Judge appoints Philadelphia attorney to represent Tharp in death penalty case
In her quest to avoid the death penalty for the starvation death of her 7-year-old daughter, Michelle Tharp will now be represented by a Philadelphia lawyer.
The Merriam-Webster dictionary definition of “Philadelphia lawyer” says the term “dates back to the colonial period, when our legal system was in its infancy and lawyers had to be especially astute.”
Washington County Judge John DiSalle appointed Michael Wiseman of Philadelphia, former member of the federal community defender office, capital habeas corpus unit to handle Tharp’s case.
Taxpayers will be responsible for a $150-per-hour fee to represent Tharp in the death penalty phase that the state Supreme Court ordered five years ago.
In a conference call Friday afternoon in open court, Wiseman accepted the appointment and hourly fee, but balked at a $7,500 cap.
DiSalle said there are exceptions to the rule regarding the cap.
To give Wiseman the ability to familiarize himself with the case, DiSalle told him and Assistant District Attorney John Friedmann he expects to convene a status conference in May.
Tharp, 50, an inmate at SCI-Muncy, Lycoming County, was not present in Washington County Court Friday.
The Pennsylvania Supreme Court upheld Tharp’s first-degree murder conviction obtained in 2000, but ordered a new penalty phase because it found her public defender was ineffective.
James J. McHugh Jr., first assistant defender in the Defender Association of Philadelphia appealed a ruling last year in which President Judge Katherine B. Emery refused to unilaterally reduce Tharp’s death sentence to life imprisonment and ordered a jury to be empaneled to decide Tharp’s fate.
Tharp’s daughter, Tausha Lanham, lived for seven years in Burgettstown and weighed less than 12 pounds when she died. Tharp and her boyfriend at the time, Douglas Bittinger, reported her missing April 18, 1998, at a Steubenville mall, but police said they dumped her body along a road in Follansbee, W.Va.

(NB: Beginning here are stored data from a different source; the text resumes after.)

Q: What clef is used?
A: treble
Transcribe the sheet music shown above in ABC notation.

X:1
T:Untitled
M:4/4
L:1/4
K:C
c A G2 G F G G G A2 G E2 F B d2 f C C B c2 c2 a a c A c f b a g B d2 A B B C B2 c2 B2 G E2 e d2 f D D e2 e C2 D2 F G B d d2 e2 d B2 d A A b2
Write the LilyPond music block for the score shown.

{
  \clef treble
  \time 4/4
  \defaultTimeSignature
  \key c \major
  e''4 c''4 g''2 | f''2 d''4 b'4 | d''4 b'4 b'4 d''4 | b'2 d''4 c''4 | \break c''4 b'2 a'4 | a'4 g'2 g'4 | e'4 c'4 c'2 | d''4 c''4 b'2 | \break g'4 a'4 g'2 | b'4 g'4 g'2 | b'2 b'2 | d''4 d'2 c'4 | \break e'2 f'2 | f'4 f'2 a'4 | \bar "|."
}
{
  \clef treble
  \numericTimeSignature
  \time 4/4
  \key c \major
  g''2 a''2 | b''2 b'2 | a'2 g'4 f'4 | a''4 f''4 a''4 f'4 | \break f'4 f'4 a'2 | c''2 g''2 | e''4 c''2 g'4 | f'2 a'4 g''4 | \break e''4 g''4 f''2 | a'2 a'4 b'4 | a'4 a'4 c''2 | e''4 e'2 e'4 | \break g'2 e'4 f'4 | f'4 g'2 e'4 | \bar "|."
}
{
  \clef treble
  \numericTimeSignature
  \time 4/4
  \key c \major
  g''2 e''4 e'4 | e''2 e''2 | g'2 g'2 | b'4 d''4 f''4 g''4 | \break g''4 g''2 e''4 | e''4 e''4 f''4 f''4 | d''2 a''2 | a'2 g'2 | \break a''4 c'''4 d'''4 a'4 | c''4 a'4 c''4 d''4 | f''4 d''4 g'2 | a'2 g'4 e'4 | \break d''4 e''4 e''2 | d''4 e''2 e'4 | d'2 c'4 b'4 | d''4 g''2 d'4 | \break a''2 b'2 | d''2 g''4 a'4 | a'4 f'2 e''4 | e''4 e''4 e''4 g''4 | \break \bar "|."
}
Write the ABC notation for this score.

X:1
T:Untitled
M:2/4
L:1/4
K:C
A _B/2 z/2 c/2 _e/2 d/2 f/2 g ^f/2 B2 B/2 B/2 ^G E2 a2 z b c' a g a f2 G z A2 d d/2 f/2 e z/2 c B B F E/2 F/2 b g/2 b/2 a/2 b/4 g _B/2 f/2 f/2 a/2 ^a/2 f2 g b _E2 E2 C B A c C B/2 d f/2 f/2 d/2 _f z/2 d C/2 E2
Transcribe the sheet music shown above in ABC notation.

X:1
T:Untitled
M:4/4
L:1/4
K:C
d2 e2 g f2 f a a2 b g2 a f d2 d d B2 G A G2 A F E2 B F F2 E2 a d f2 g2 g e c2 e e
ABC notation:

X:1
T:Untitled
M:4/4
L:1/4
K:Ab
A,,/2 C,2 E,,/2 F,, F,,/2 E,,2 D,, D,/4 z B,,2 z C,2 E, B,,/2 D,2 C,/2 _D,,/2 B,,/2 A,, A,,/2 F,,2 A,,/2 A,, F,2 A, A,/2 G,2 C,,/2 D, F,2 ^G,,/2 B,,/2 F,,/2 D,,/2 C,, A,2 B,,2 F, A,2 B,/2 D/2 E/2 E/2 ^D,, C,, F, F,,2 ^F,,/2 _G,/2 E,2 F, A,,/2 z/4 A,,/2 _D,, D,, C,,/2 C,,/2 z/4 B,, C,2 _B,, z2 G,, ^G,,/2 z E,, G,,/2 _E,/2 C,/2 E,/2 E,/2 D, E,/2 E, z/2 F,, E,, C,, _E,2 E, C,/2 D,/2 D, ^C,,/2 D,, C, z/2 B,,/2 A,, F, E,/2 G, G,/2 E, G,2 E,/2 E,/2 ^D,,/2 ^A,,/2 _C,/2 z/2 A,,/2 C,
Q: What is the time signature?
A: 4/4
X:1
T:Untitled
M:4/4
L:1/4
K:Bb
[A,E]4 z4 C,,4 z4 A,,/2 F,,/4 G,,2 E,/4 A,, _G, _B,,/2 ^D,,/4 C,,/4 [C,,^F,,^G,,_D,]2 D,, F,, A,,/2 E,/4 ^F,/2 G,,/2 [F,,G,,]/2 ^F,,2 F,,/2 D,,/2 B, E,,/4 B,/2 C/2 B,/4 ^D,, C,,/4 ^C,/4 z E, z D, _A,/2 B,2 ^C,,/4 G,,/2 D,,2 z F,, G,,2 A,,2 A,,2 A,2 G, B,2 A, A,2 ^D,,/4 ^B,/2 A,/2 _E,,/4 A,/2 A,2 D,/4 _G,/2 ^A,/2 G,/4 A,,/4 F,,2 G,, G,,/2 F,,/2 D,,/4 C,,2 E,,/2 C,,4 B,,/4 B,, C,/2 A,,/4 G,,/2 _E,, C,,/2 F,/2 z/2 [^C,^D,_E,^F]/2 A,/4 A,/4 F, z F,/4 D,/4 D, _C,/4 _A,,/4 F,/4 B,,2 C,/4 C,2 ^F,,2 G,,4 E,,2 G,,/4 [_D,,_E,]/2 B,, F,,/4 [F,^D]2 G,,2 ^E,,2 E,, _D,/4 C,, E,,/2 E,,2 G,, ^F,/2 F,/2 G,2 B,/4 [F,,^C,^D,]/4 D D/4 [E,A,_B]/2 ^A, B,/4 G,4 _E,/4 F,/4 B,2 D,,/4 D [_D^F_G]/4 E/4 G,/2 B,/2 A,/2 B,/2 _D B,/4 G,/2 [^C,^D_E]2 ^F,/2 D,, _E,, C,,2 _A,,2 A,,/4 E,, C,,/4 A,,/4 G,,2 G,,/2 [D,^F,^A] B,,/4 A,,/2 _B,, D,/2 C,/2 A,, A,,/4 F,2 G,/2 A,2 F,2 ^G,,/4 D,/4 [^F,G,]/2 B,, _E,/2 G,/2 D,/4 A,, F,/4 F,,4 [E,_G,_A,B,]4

Tharp claimed to have fed Tausha the day before she died. A medical examiner testified the girl had not eaten for several days, suffered from malnutrition and her teeth were worn from grinding, common in juvenile starvation cases.
In argument before the president judge, Tharp’s lawyers pegged their client’s intelligence quotient of 71 on a scale where 100 is considered normal, as well as outlining the abuse and abandonment she had suffered. They said Tharp sought medical attention for the prematurely born Tausha, whose condition mystified doctors.
Bittinger, 46, the father of Tharp’s fourth child, was sentenced to 15 to 30 years in prison after pleading guilty to criminal homicide, endangering the welfare of a child and abuse of a corpse. Prosecutors said Bittinger’s crime was failing to prevent Tharp’s abuse of Tausha, and he testified against Tharp at her trial.
Bittinger is no longer listed among Pennsylvania’s prison population and the last entry in a court database was the forwarding of a docket sheet July 9 by Washington County Clerk of Courts Frank Scandale at the request to the state Board of Probation and Parole.